Sonó el teléfono de mi escritorio como si la llamada hubiera entrado directamente sin que Leslie que me hubiera avisado; debía de estar comiendo. Normalmente, Pam pasaba las llamadas al buzón de voz cuando se ausentaba de su mesa, las clasificaba y se las devolvía a quienes merecían la pena cuando regresaba.

Cada timbrazo hacía mucho más obvio que ella no estaba y se había visto sustituida por una seductora inexperta con labios de pato.

—Brooks —respondí, acercándome el teléfono a la oreja.

—Soy yo —saludó Thatch—. Me había olvidado de preguntarte algo. ¿Tenemos entrenamiento de Bad esta noche?

Reprimí un gemido. Me había olvidado del entrenamiento de rugby.

Eso no impediría que le rompiera las pelotas.

—Sí, cabecita loca. Tenemos entrenamiento todos los lunes por la noche.

—Ya, pero al ser temporada de fútbol americano y todo eso, se me ha ocurrido que tal vez Wes estaba demasiado ocupado haciendo de cheerleader o algo así como para venir.

Wes era el tercer miembro de nuestro trío de solteros, y propietario de los Mavericks de Nueva York. Nos burlábamos de él sin cesar, pero en realidad era genialconocer al dueño de un equipo de la nfl. Con un poco de persuasión siempre conseguíamos las entradas que queríamos y podíamos ver a los jugadores al salir del campo.

—No me ofendo, a todo esto. El cabecita loca te va a dar lo tuyo en el entrenamiento.

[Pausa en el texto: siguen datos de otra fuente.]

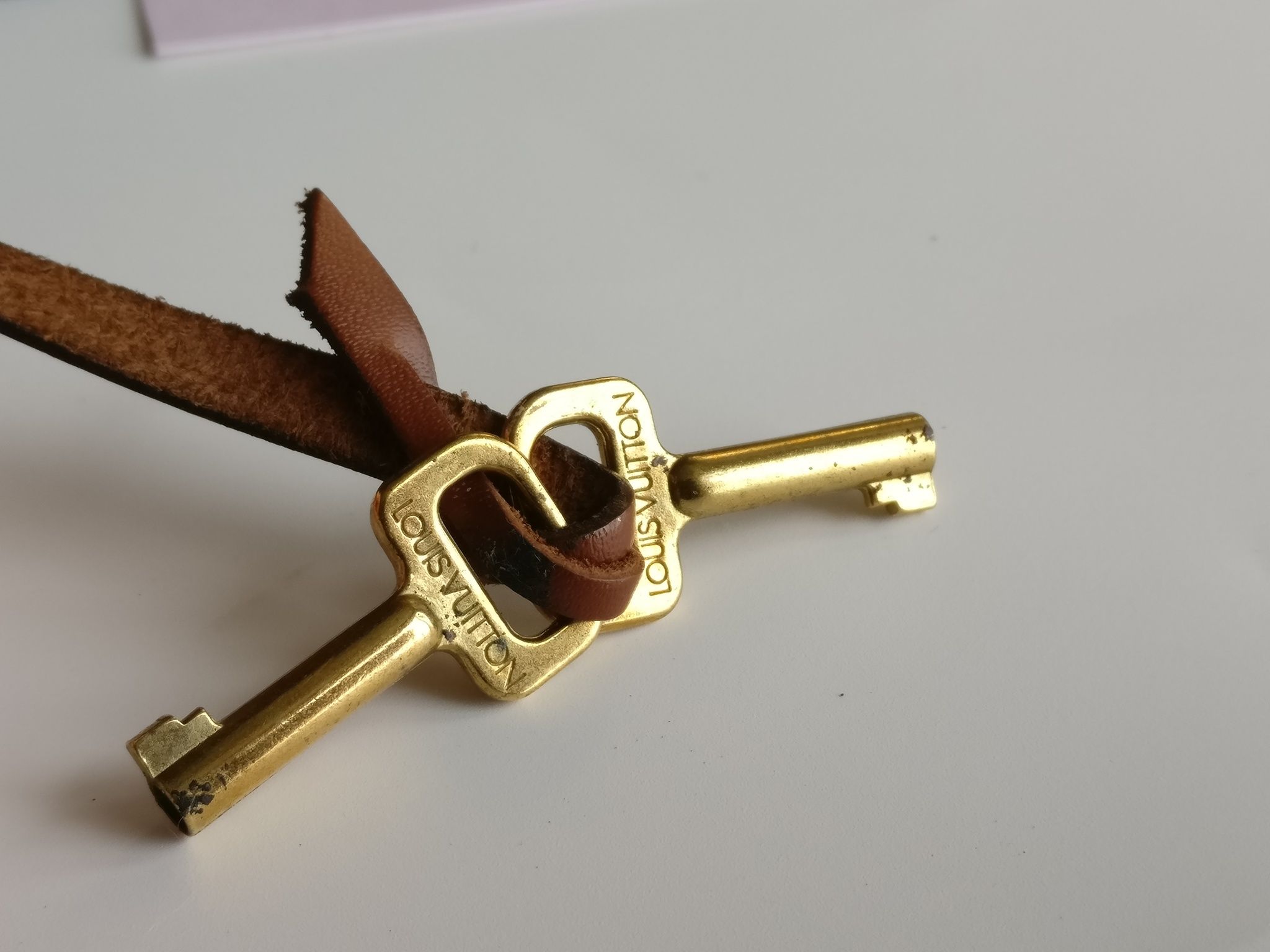Louis Vuitton Porte Documents Bandouliere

—La mayoría de los partidos de los Mavericks son el domingo. Ya sabes, como el que me convenciste de ir a ver ayer. Te veré en el entrenamiento de esta noche —dije, negándome a mantener otra conversación ridícula.

—Cielos, diva. Relájate un poco…

Me pellizqué el puente de la nariz.

—¿Sabes?, me obligas a decir «joder»muchas más veces de lo que jamás soñé en un ambiente de negocios.

Su respuesta fue una risa seca.

—Solo es uno de mis muchos talentos, K. La mayor parte de ellos implican un encendedor, cuarenta cervezas y mi polla…

Terminé la llamada antes de que acabara perdiendo la paciencia.

Dios. ¿Este tipo es de verdad mi mejor amigo?

En resumen, sí, erami mejor amigo. Y no lo cambiaría a pesar de la capacidad que poseía para producirme migrañas. Nunca me faltaría entretenimiento, eso era seguro. Pero mi paciencia se había agotado por ese día. Así de simple.

Me levanté con rapidez antes de que me interrumpieran de nuevo, tiré del extremo delgado de la corbata para deshacer el nudo, me la arranqué del cuello y la colgué en la percha junto a la chaqueta.

Dejé caer las llaves con estruendo en el bolsillo y me metí la billetera en el de atrás.

Recorrí el camino inverso al que había realizado varias horas antes, pasé por delante de Meryl saludándola con la cabeza y salí del edificio sin tener que hacer otra cosa que sonreír amablemente a los empleados con los que me cruzaba.

El sol casi me cegó cuando empujé la puerta principal, y los sonidos de la activa hora del almuerzo otoñal resonaron en mis oídos acostumbrados al silencio de la oficina. Las bocinas sonaban, los taxistas gritaban, y las palomas salieron disparadas cuando un niño pequeño corrió gritando en medio de ellas.

Me desabroché los botones de las mangas de la camisa mientras caminaba, remangándomelas para dejar al descubierto mis antebrazos y disfrutar de aquel clima espectacular y cálido, y me desvanecí entre la multitud de mujeres con zapatos de tacón y hombres de traje. Un veranillo anticipado, porque un calor árido como el del desierto se instalaba en lo más profundo de los huesos e irradiaba hacia fuera.

Podía ver el sol y la ciudad desde los ventanales de mi oficina, pero la hora de comer era prácticamente la única oportunidad que tenía de sentirlo.

Y esa era la verdadera raíz de mi mal humor, suponía. Trabajaba duro de sol a sol, y una simple hora en mitad del día era lo que me ayudaba a mantener la cabeza feliz sobre los hombros tensos.

—¡Kline! —me llamó el dueño de mi bar favorito cuando traspasé la puerta.

—¡Hola, Tony! —respondí, abriéndome paso entre la multitud que se encontraba de pie para estrecharle la mano por encima del mostrador.

—Aquí, aquí —instó, intentando hacer sitio en la barra en el único asiento vacío del lugar.

—De eso nada —negué con una sonrisa y un movimiento de cabeza—. Esperaré mesa como todo el mundo. Hoy me vendrá bien ese tiempo extra para despejarme.